**LISTED RECORDS**
====

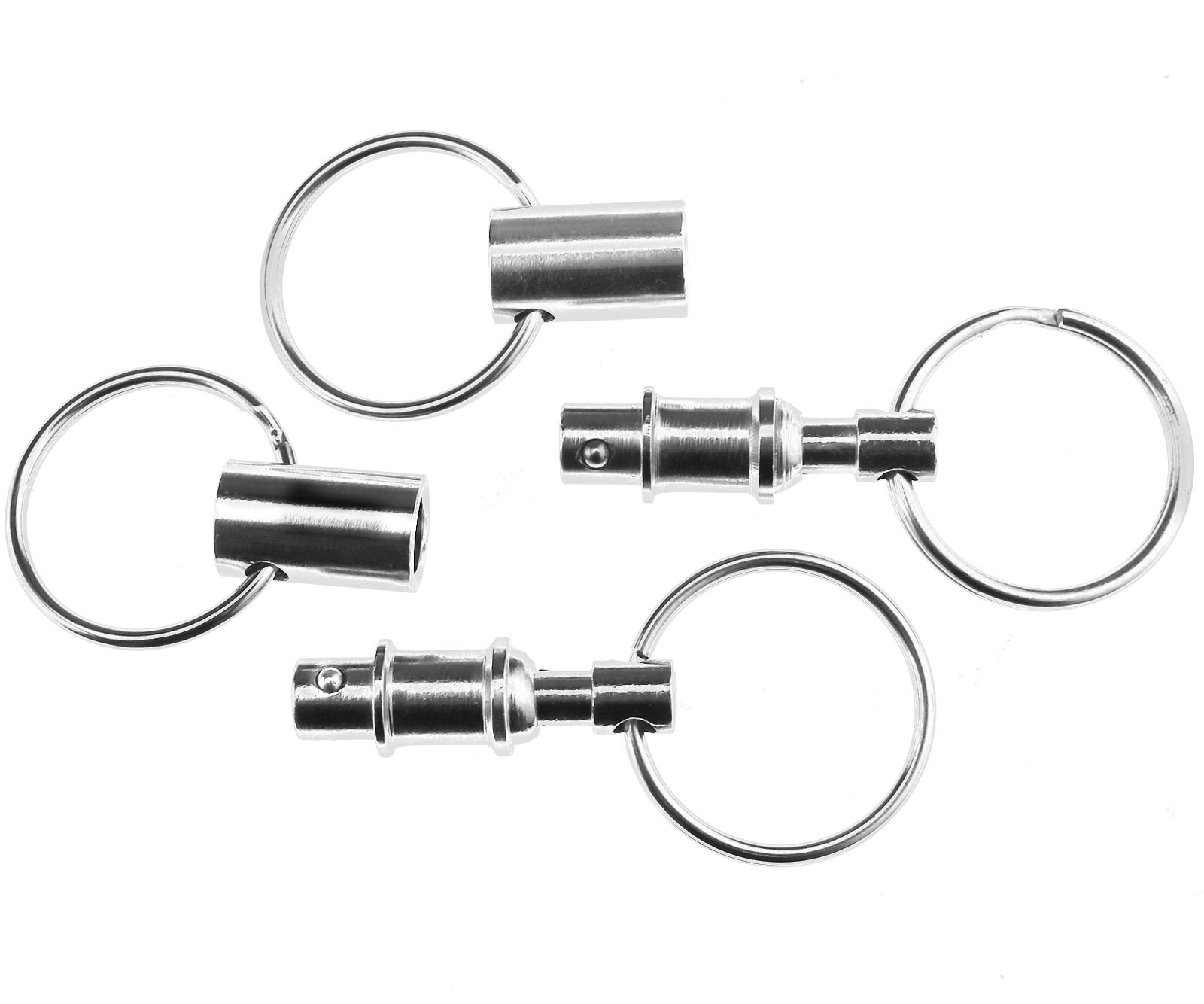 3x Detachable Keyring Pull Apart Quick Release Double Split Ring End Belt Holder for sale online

====

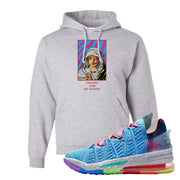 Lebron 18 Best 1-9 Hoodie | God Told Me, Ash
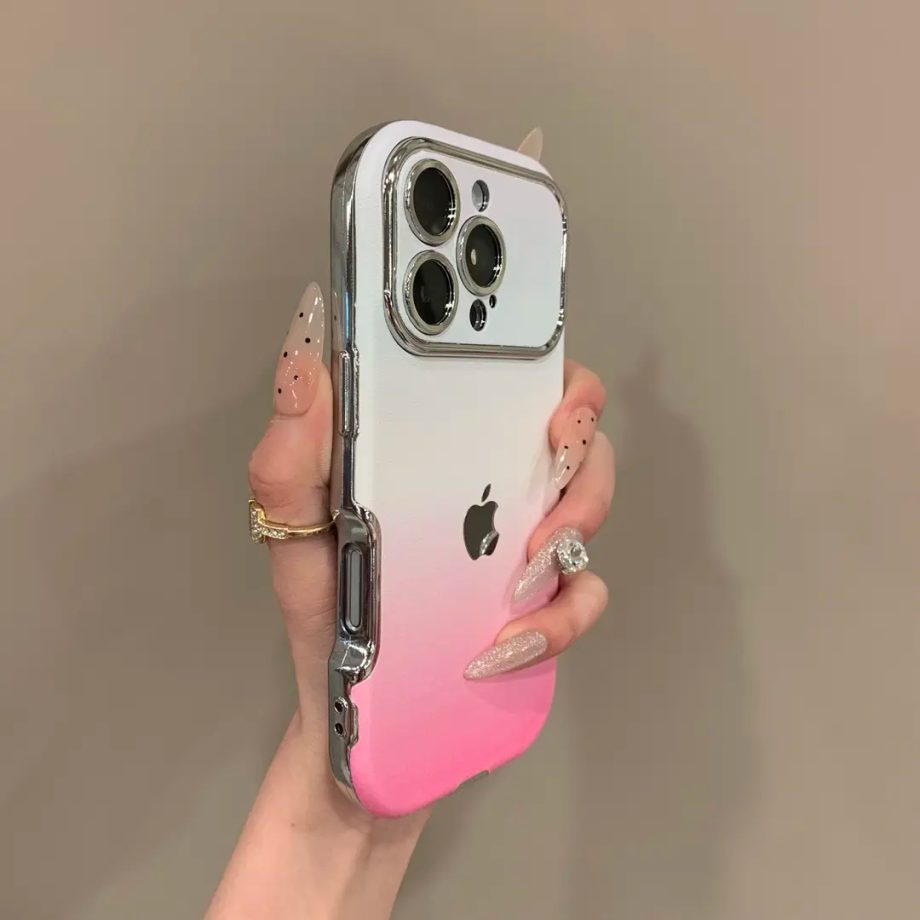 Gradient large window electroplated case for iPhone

====

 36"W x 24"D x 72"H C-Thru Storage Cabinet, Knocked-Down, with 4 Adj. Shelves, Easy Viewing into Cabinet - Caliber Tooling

====

**TO DO**
An exact copy is needed of the entries above, starting at the line that holds "Lebron 18 Best 1-9 Hoodie | God Told Me, Ash" and stopping at the line that holds "Gradient large window", both kept; pictures stay out.

**ANSWER AREA**
 Lebron 18 Best 1-9 Hoodie | God Told Me, Ash
 Gradient large window electroplated case for iPhone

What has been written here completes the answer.